A Monologue with the Æther

Dealing with Scale on the Web

I recently added elevation profiles to the weblogue posts on my cross-continental bicycle ride. They are rudimentary still but quite serviceable. There is, however, a notable issue regarding screen resolution. Rather than providing a fixed width and height to the SVG files, I take advantage of the scalable bit in Scalable Vector Graphic by setting the viewBox attribute on the svg element, except these profiles are line/area graphs with axes for distance (independent variable) and elevation (dependent variable).

I generate the SVG files running the d3.js Javascript library via node to create static (so to speak) rather than dynamic images. It works well except for the issue when shrinking the image say by opening the page on a mobile screen the axes and the labelling squishes and the left axis has its labels pushed off-screen if the elevation is more than 2 digits. I can fix the issue by drawing the graph into a smaller region for instance a region whose bounds are mobile device sized, but that leads to equal ugliness when scaling the image up. Everything becomes too exaggerated.

Possible solutions: use d3.js to dynamically generate a graph sized to fit the screen it’s displaying on; don’t display the graph on small screens unless the viewer explicitly selects to view the image by clicking a link; other ideas which violate the purpose of using scalable vector graphics.

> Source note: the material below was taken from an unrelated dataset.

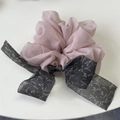 Detail of Korean style floral organza bow scrunchie in light pink and purple tones - Pink
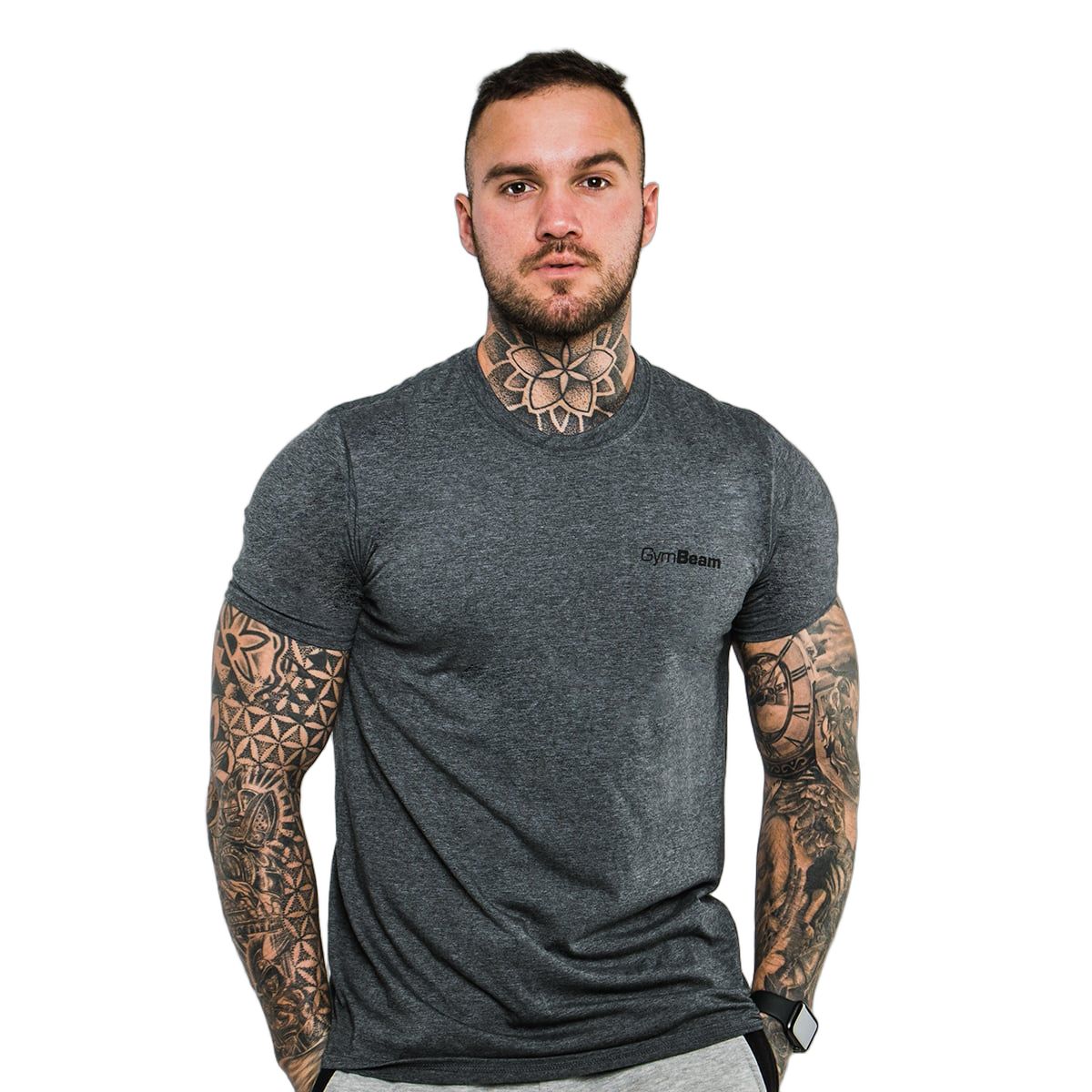 GymBeam Herren T-Shirt, dunkelgrau, kurzärmelig, Regular Fit, mit kleinem Logo auf der Brust.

I don’t like either idea. The first suffers from needing to run Javascript and process datasets which add up to large sizes quickly. The second is preferable and would still require generating the image dynamically to fit the screen, but would defer the performance penalty to explicit viewer action. Each discrete elevation profile is not particularly problematic; the problem manifests most unhappily when attempting to draw the profile for entire 3800 mile trek. One of my goals is to not sacrifice content to reliance on Javascript. Meaning even if one loses functional niceties provided by Javascript, one shouldn’t be required to use Javascript to see all the content or use the site.

I suppose that I could resort to using a PNG fall-back graphic in the absence of a more dynamic approach (scaling SVG or Javascript).